Among many renowned literary figures that understood the cost that the world is paying for racial prejudices and the rebellious nature that took birth from the roots of racial injustices and discriminations considering the experiences of all the minorities especially the black living in the United States, Robert Lee Frost, one of the America's top poets, trough his poetry made fruitful attempts in spreading the much-needed awareness among the masses regarding the catastrophes connected to black white discrepancies. Born in San Francisco in 1874, Frost wrote, "a few poems it will be hard to get rid of" (Robert Frost). Among those few but unforgettable poems, "Mending Walls" was the first poem out of the sixteen noteworthy poetic pieces that was published in 1914 in Frost's first book, North of Boston (Frost: Five Poems). Composing this narrative and spectacular monologue, Frost has considerably contributed audaciously as well as skillfully to the burning issue of racial disparity among the blacks and the whites. He believes in "saying one thing in terms of another" (Frost: Essay Questions), a quality that is highly evident throughout the Mending Wall, which he has used to address the racial inequality in America regarding blacks and whites.

The "wall" in the poem serves as the humanly created barrier, as Marion Montgomery observes, "barriers were a major theme in his poetry, barriers between man and God, man and nature, man and man. Man is continually engaged in erecting or destroying them" (Frost: Essay Questions). Hence, through the description of wall that stands between the narrator that is Frost and his illogical, self-centered neighbor, the poet provides inkling towards the attitude of whites towards the blacks surviving the coldness of the wintry America. Frost paints a very close-to-reality picture of Black life in America before, during and after the War World II and the Civil rights Movements. He vehemently objects to the physical, social and psychological barriers like "walls" that have been built by mankind, by the people who consider themselves superior in comparison of the minorities on the inhuman, ignorant grounds of color, creed, caste or race, when the poet says in the poem "There where it is we do not need the wall, He is all pine and I am apple orchard, My apple trees will never get across, And eat the cones under his pines," (Mending Wall) thereby questioning the barriers that men have put up against their fellow men, which blocks their perception and holds them back from distinguishing good from bad, right from wrong, prejudiced from fair and the barriers that isolate one human from another on grounds of race distinction, creating false notions, agony, dissatisfaction among various classes and contempt for each other that has in past led to civil rights movements and international wars.

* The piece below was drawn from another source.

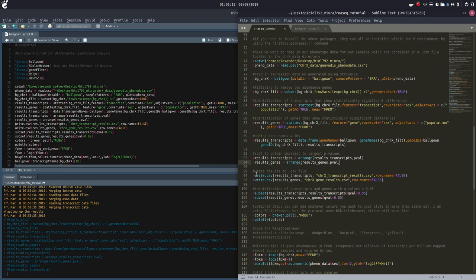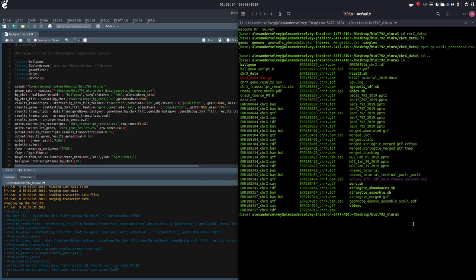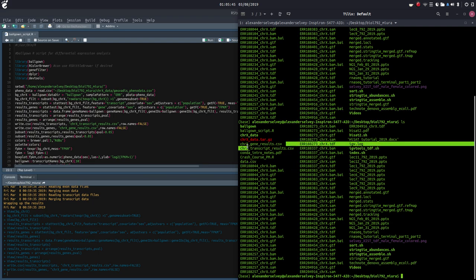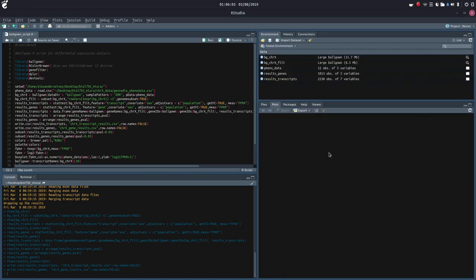Now we're going to write our results to CSV files. We're going to name them chromosome_X_transcript_results.csv and chromosome_X_gene_results.csv. Let's do that real quick, and then I'll show you that these have populated in here — chromosome_X_gene_results and chromosome_X_transcript_results.csv. So we have these two CSV files that we just wrote from our results_genes and results_transcripts environment variables.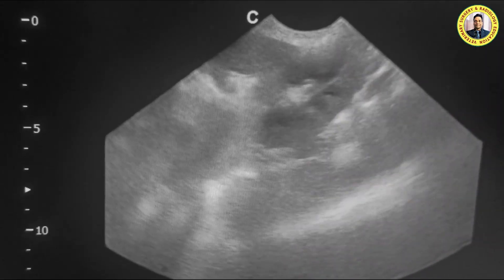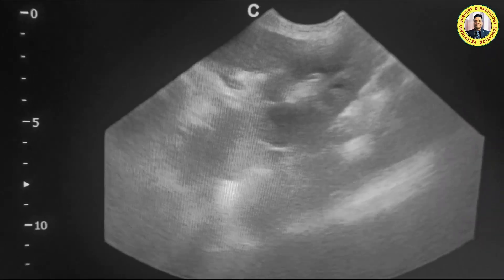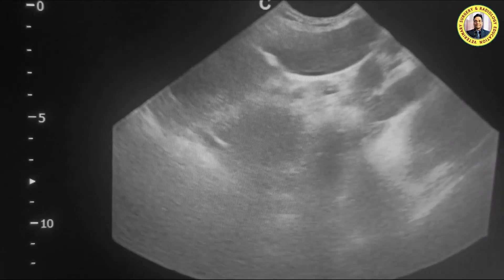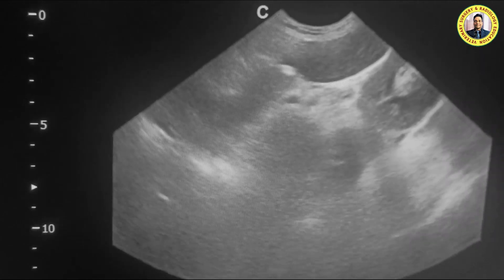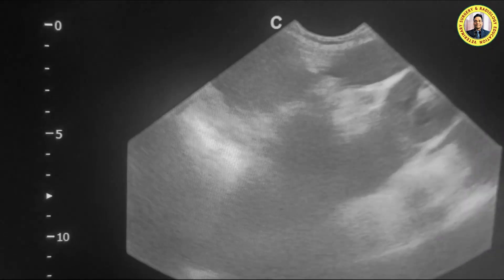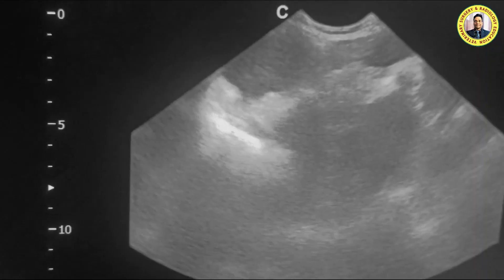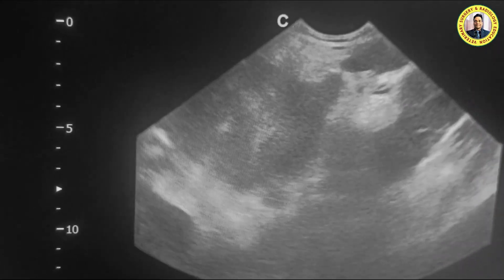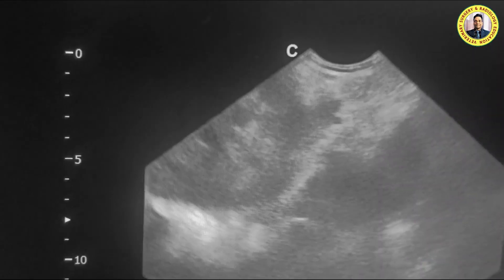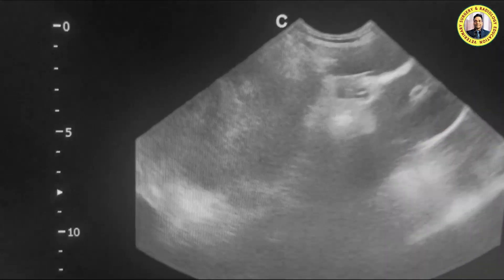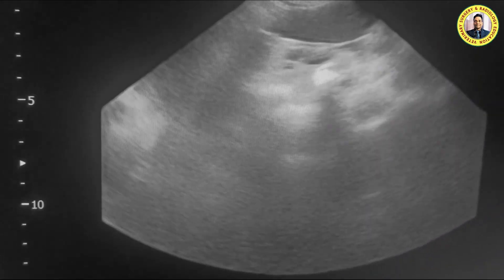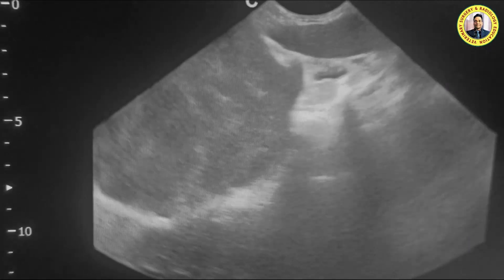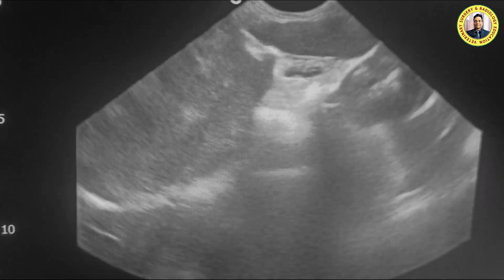The corticomedullary differentiation is normal. Here you can see the spleen, and now we are going towards the head of the spleen. You can see this mass appears to be arising from the spleen — there is strong evidence that this tumor is a splenic tumor.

These barriers gave way to injustices like lynching, public mutilation and burning of blacks and race mutiny that the history witnessed before and after the World War II when records suggest that "primarily the victims were Black males who were often mutilated, shot and beaten before being burned on pyres. Mob lynchings were a common form of death for young Black men. The idea that most of these men were charged with the rape of white women is a false one. Their alleged crimes were numerous: using offensive language; bad reputation; refusal to give up a farm; throwing stones; unpopularity; slapping a child; and stealing hogs to name a few" (America After Slavery). Moreover, blacks and whites were made to attend different schools with whites having access to all the facilities that blacks could only wish for, blacks and whites were forbidden to marry, blacks were also not permitted to use "train cars, toilets and lunch counters," segregation coupled with inequality were made legal (Tricia). One of the most evident example of black white disparities is that of World War II wherein the army officials did everything to segregate all armed black men serving their country from their fellow white men rather than unify them as a single cohesive fighting force. The blacks felt more hurt, more cheated and mortified after the war. This intense agony brought by the black white disparity resulted in Civil Rights Movement. As Kim Munholland outs it: "The experience of war... began to take a bit of a hammer to segregation," he said. "It was a humiliating experience, but it was a transforming experience, too.... They experienced discrimination, but they served their country well - heroically even - despite the prejudice they faced" (Chuck: 04B).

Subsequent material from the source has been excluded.